ROANOKE TIMES

                         Roanoke Times
                 Copyright (c) 1995, Landmark Communications, Inc.

DATE: SATURDAY, June 16, 1990                   TAG: 9006160255
SECTION: EXTRA                    PAGE: E3   EDITION: METRO 
SOURCE: JANET MASLIN THE NEW YORK TIMES
DATELINE:                                 LENGTH: Medium


'GREMLINS 2' IS BETTER THAN THE FIRST BATCH

"Gremlins 2: The New Batch" speaks to the gleeful hell-raising monster in each of us, and it speaks with much more verve, cleverness and good humor than the film on which it is based.

Add this to the very short list of sequels that neatly surpass their predecessors.

"Gremlins 2" moves away from the sleepy small-town setting of the 1984 film. It has a more savvy, urban feeling and a faster pace.

A more important alteration is the gremlins themselves, who were often vicious and predatory in the earlier film but are a lot more playful this time. While the new gremlins can also turn ugly, what they most enjoy is throwing things, making colossal messes and playing practical jokes. They're a lot less like horror-film fixtures and a lot more like mischief-loving children.

Once again, the gremlins spring forth from the huge-eyed, tender-eared, perilously cute little pet called Gizmo, who never means to cause trouble but spins off vicious little flesh-and-blood gargoyles whenever his human keepers violate certain basic rules.

Gizmo is once again in a Chinatown shop, directly in the path of a publicity-loving real estate developer, Daniel Clamp (John Glover). He owns a brand-new midtown office building called the Clamp Premier Regency Trade Center, the last word in high-tech magic.

Although the earlier film's colorless leads are still on hand, with Billy (Zach Galligan) working at Clamp Center as a designer and Kate (Phoebe Cates) as a tour guide, the building is more of a star.

As Clamp strides importantly through the lobby, a voice is heard over a loudspeaker instructing the owner of a car to "please remove it from the Clamp Parking Garage. Your car is old and dirty."

Obviously, Clamp Center cries out for the disruptive presence of a gremlin or two. So Gizmo is inadvertently allowed to get wet, after which the creatures are spawned and the place quickly overrun.

Gremlins pop up in the salad bar, in the toy store and even in the genetics laboratory run by the devilish Dr. Catheter, aka Christopher Lee. Lee's irresistibly ghoulish presence and experiments give the film an added measure of fun.

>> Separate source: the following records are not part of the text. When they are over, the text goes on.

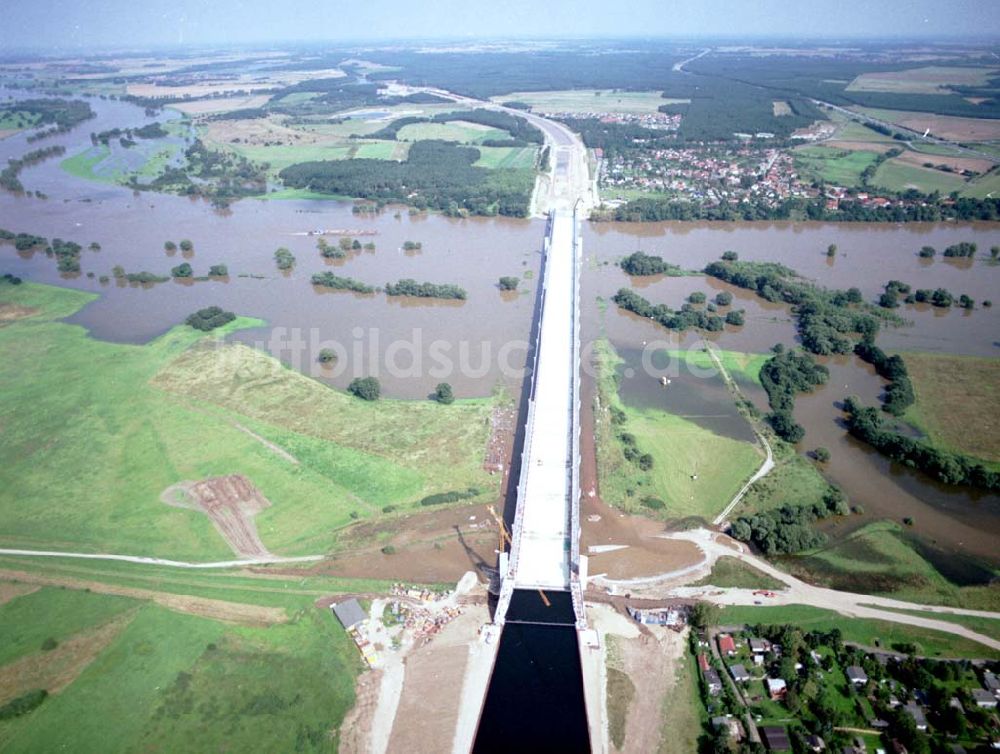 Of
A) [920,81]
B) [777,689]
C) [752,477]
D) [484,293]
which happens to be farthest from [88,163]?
[920,81]

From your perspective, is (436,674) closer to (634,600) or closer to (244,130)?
(634,600)

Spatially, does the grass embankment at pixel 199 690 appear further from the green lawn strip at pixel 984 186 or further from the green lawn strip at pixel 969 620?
the green lawn strip at pixel 984 186

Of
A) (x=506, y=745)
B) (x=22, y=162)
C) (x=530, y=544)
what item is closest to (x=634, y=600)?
(x=530, y=544)

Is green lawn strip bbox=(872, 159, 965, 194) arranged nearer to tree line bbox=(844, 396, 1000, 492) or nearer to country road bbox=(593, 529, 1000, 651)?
tree line bbox=(844, 396, 1000, 492)

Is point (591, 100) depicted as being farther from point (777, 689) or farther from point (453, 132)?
point (777, 689)

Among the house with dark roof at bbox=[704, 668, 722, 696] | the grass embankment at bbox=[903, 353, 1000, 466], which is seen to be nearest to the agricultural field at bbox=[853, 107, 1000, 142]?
the grass embankment at bbox=[903, 353, 1000, 466]

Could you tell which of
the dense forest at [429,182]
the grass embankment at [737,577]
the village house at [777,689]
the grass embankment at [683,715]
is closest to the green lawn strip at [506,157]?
the dense forest at [429,182] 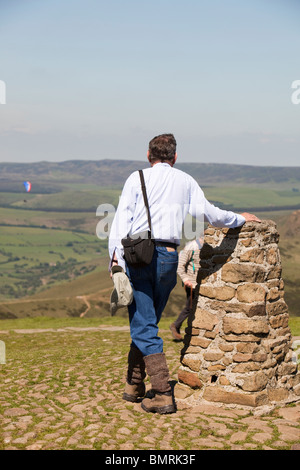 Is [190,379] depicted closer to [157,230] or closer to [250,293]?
[250,293]

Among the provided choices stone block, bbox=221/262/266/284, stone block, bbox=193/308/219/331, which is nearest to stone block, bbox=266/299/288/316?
stone block, bbox=221/262/266/284

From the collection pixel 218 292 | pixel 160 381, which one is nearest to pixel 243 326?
pixel 218 292

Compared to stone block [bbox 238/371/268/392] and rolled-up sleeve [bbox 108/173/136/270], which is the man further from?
stone block [bbox 238/371/268/392]

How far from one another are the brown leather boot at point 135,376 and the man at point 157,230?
0.95 ft

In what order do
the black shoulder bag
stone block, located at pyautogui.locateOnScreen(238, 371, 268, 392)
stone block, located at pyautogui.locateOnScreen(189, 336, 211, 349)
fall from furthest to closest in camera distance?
stone block, located at pyautogui.locateOnScreen(189, 336, 211, 349) < stone block, located at pyautogui.locateOnScreen(238, 371, 268, 392) < the black shoulder bag

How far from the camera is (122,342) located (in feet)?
43.9

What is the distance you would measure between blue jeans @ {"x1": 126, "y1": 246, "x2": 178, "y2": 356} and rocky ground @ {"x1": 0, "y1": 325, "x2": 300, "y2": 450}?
93 cm

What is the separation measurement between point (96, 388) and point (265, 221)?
3.67 m

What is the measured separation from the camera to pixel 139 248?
6.07 metres

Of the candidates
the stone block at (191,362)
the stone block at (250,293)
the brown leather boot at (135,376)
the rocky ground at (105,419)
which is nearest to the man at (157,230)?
the brown leather boot at (135,376)

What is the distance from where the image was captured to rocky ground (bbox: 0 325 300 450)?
554 cm

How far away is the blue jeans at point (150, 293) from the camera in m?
6.29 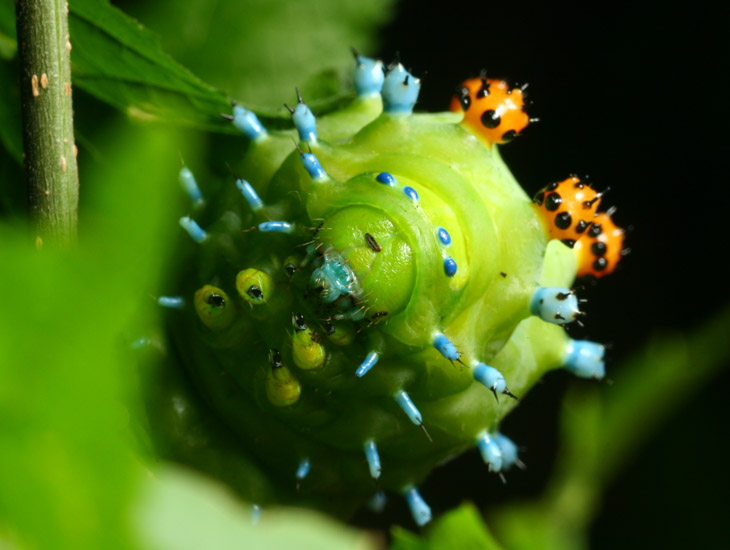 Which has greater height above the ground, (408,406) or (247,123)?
(247,123)

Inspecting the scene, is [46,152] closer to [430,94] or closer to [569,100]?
[430,94]

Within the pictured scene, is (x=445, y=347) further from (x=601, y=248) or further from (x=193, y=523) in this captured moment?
(x=193, y=523)

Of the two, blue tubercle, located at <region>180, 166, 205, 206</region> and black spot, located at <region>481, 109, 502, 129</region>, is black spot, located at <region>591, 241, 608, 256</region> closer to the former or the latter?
black spot, located at <region>481, 109, 502, 129</region>

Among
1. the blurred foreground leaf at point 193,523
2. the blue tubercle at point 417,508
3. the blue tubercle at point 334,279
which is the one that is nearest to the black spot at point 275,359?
the blue tubercle at point 334,279

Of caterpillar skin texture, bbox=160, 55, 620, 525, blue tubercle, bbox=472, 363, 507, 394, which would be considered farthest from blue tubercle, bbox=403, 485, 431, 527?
blue tubercle, bbox=472, 363, 507, 394

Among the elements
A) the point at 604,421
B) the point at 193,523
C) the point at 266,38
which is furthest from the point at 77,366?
the point at 604,421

It's too bad that one holdover from the earlier film is an element of graphic gremlin-bashing, like the scene that sends one gremlin through a paper shredder and spatters green goo all over the frame. The film is only rarely scary or disgusting, but even this is more than it needs.

Indeed, this time the creatures are so likable that the story's resolution seems a bit sad.

"Gremlins 2" is so crazily overloaded with gags that it functions as a grab bag of pop cultural artifacts, moving from one to another without worrying where they may lead.

But where they're going, if the film's ending is any indication, is right toward "Gremlins 3."